= Data excerpts =
○ ○ ○

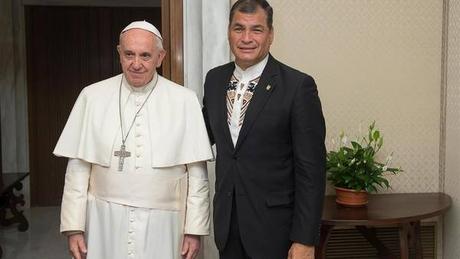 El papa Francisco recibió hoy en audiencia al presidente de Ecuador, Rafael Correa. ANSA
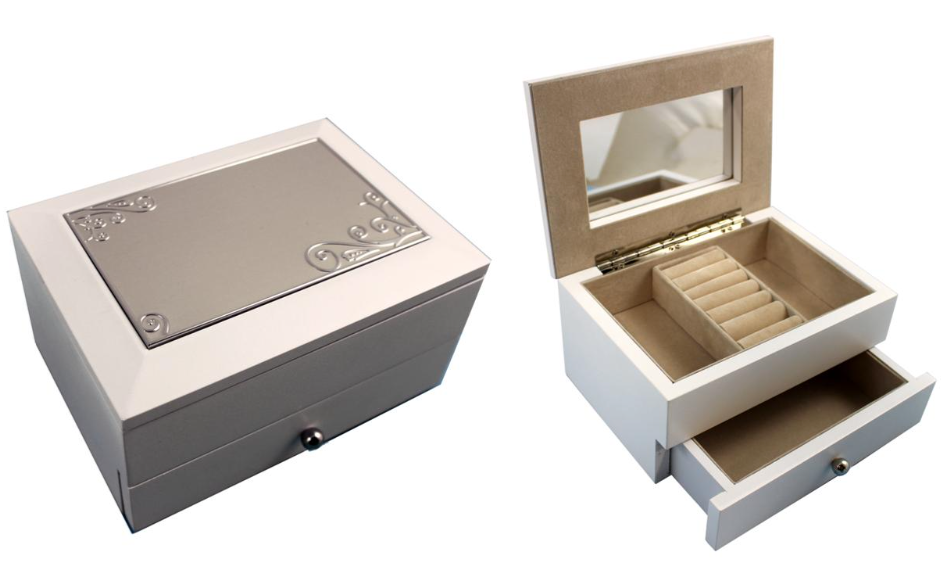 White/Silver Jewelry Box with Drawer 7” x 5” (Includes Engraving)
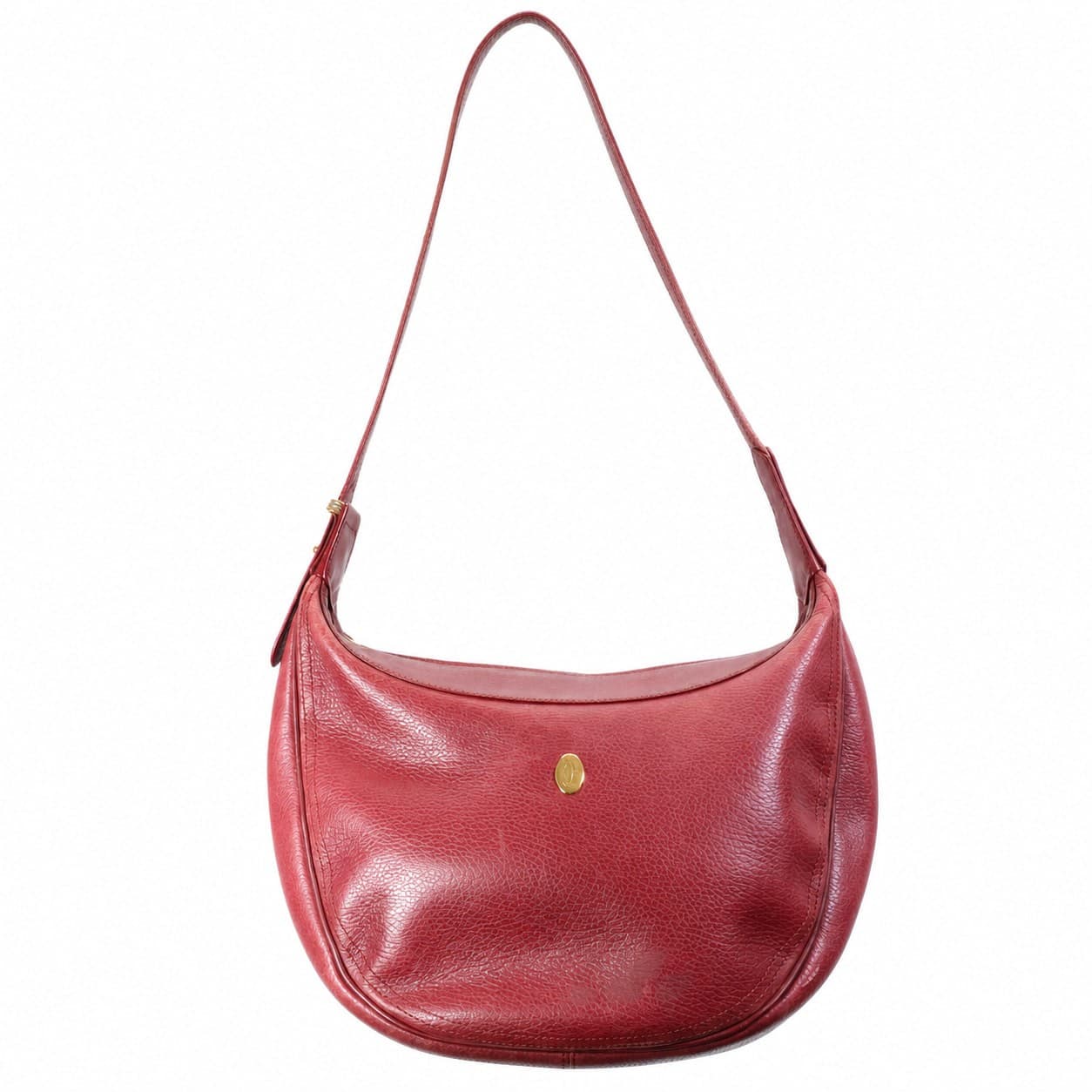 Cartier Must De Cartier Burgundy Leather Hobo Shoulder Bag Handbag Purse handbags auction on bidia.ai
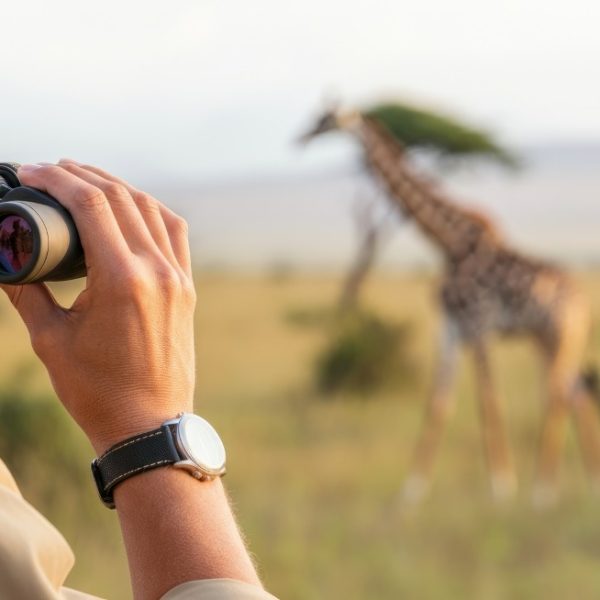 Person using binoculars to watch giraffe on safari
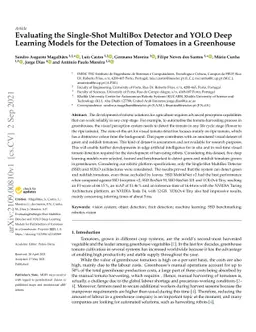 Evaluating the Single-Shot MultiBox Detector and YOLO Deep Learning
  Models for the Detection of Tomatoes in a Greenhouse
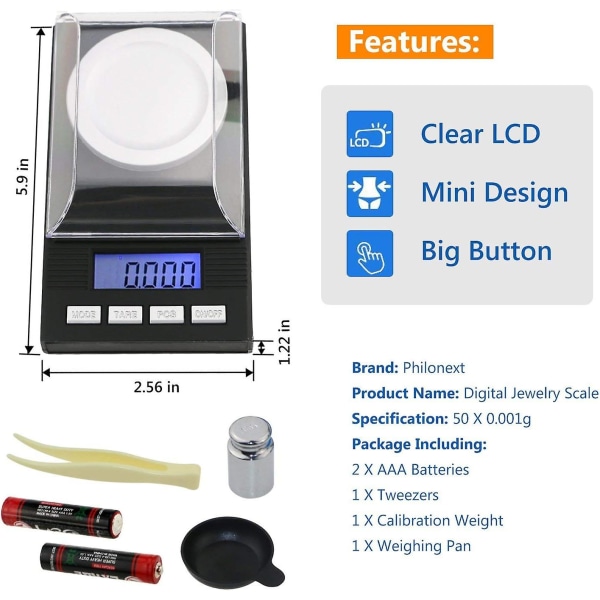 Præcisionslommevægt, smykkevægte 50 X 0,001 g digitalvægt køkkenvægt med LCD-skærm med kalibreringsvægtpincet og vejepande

○ ○ ○

= Task requirements =
Pictures are to be dropped, and the lines from the line with "Models for the" through the end of the material above are to be reproduced exactly.

= Result for this task =
  Models for the Detection of Tomatoes in a Greenhouse
 Præcisionslommevægt, smykkevægte 50 X 0,001 g digitalvægt køkkenvægt med LCD-skærm med kalibreringsvægtpincet og vejepande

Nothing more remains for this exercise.